Provided material:
>>>

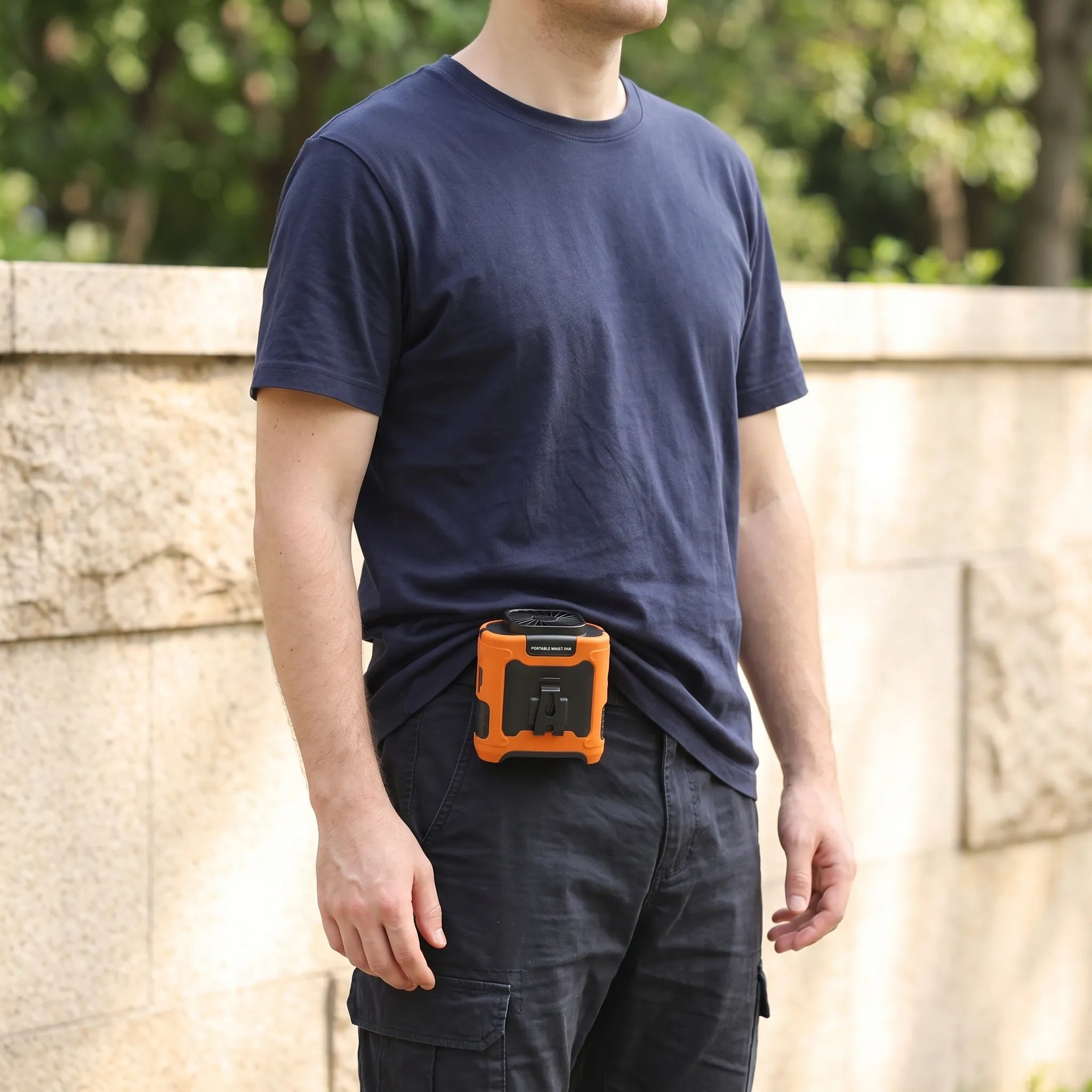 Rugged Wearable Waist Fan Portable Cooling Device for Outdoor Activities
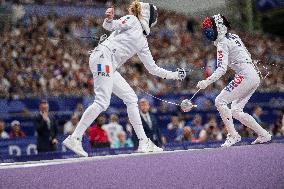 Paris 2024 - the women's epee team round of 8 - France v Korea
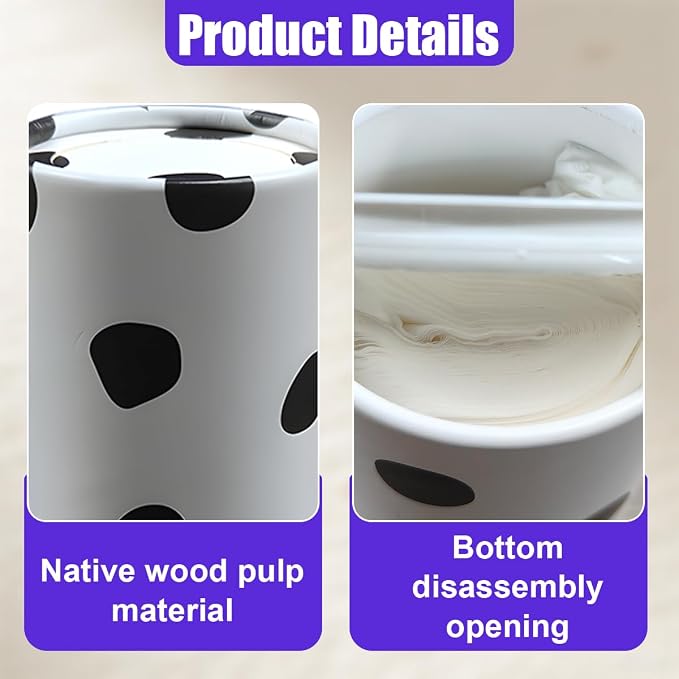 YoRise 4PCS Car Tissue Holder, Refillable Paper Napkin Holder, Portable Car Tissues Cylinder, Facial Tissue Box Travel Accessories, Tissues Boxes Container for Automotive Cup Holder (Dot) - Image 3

<<<

Your assignment: In the data above, please extract the lines from the first one through the line with "Paris 2024 - the", exactly, and keep pictures out.

Task output:
 Rugged Wearable Waist Fan Portable Cooling Device for Outdoor Activities
 Paris 2024 - the women's epee team round of 8 - France v Korea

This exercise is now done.